Noise-Guided Transport: Imitation Learning from Random Priors¶

Conference: ICML 2026
arXiv: 2509.26294
Code: TBD
Area: Reinforcement Learning / Imitation Learning
Keywords: Imitation Learning, Optimal Transport, Random Priors, Adversarial Training, Sample Efficient

TL;DR¶

This paper reformulates imitation learning as an adversarial training process where a predictor network fits a frozen random prior network on expert data while moving away from it on agent data. The authors prove that this objective is equivalent to minimizing the Earth Mover's Distance (EMD) between expert and agent distributions. The resulting lightweight method eliminates the need for gradient penalties and successfully learns humanoid robot gaits with an ultra-low data regime of only 20 transitions.

Background & Motivation¶

Background: In large-scale data regimes, Behavior Cloning (BC) paired with large models is sufficient for imitation learning. However, in low-data scenarios—with only a few expert demonstrations—BC fails due to compounding errors. Online Adversarial Imitation Learning (AIL) mitigates compounding errors through an "inner-loop inverse reinforcement learning + outer-loop reinforcement learning" framework. Representative works such as GAIL and its off-policy evolutions DAC and SAM essentially train a binary discriminator to distinguish between expert and agent state-action distributions, which is equivalent to minimizing the JS divergence between the two.
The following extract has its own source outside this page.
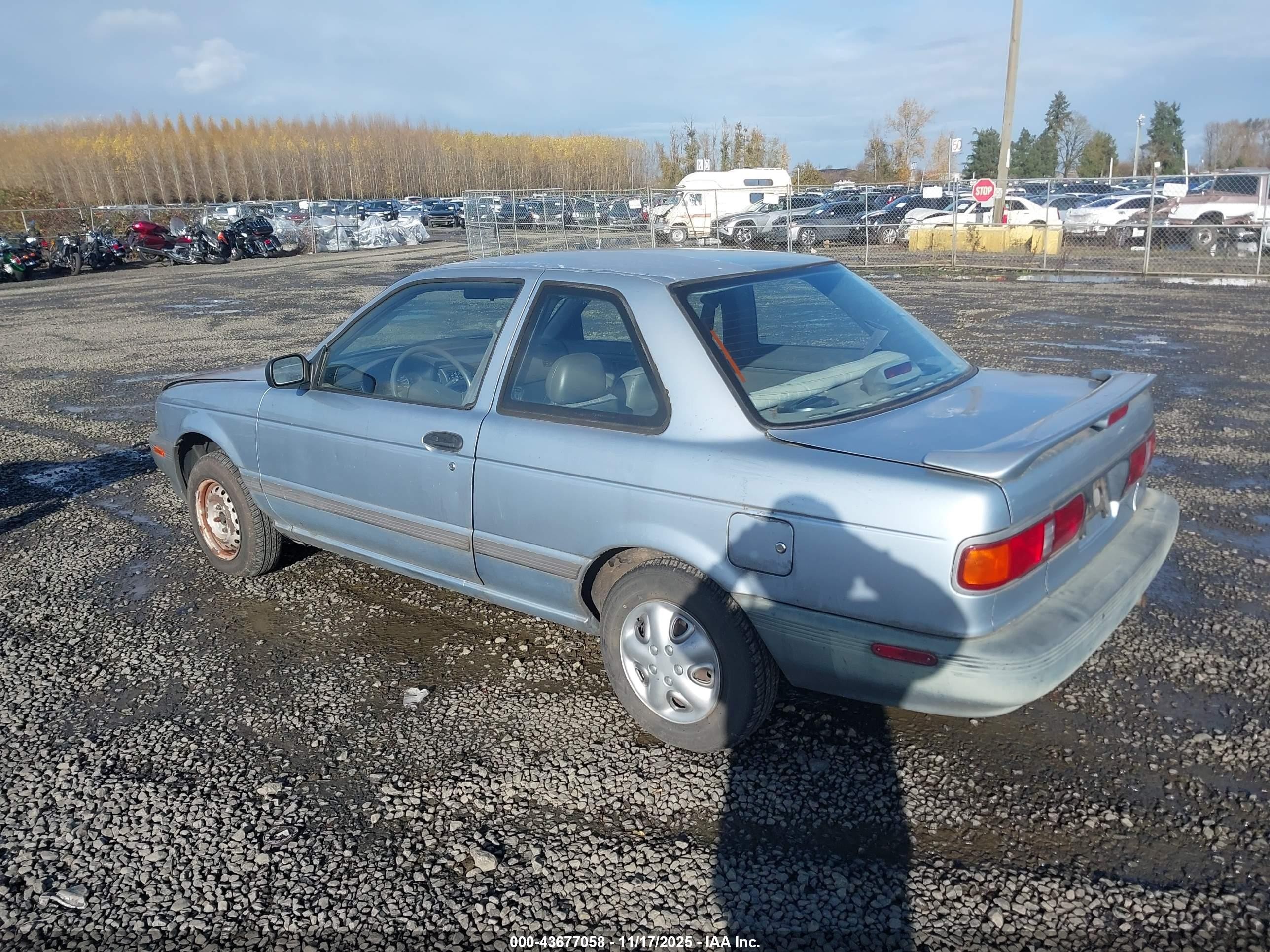 1992 Nissan Sentra   Blue vin: 1N4EB32A4NC719822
Limitations of Prior Work: GAN-based AIL faces two primary issues. First, JS divergence leads to mode collapse and vanishing gradients when the supports of the two distributions do not overlap, causing training instability. Almost all state-of-the-art (SOTA) off-policy AIL methods must rely on Gradient Penalty (GP) regularization for stability, which doubles the backpropagation cost, making it slow and expensive. Second, another line of work like RED uses "prediction from random priors" to learn an expert detector, but it is entirely offline and relies only on a single positive signal from the expert (similar to one-class or Positive-Unlabeled learning), failing to capture the true expert distribution.

Key Challenge: To achieve both sample efficiency and stability, one must avoid the non-overlapping support problem of JS divergence (which necessitates GP) while providing negative signals for the "random prior prediction" and allowing it to be updated online. Both existing directions are missing half of the solution.

Goal: To design a lightweight, off-policy reward learning objective that requires no pre-training or special architecture, provides inherent uncertainty estimation, does not rely on gradient penalties, and can scale to high-dimensional humanoid control under ultra-low data conditions.

Key Insight: The authors observe that the matching loss of "predicting a random prior" naturally serves as a pseudo-density signal—the prediction error is low in regions frequently visited by the expert and high in rare regions. By extending this from "decreasing only on expert data" to "decreasing on expert and increasing on agent data," the one-class problem becomes binary classification. Furthermore, it can be proven that this adversarial objective optimizes an Optimal Transport distance, fundamentally bypassing the issues of JS divergence.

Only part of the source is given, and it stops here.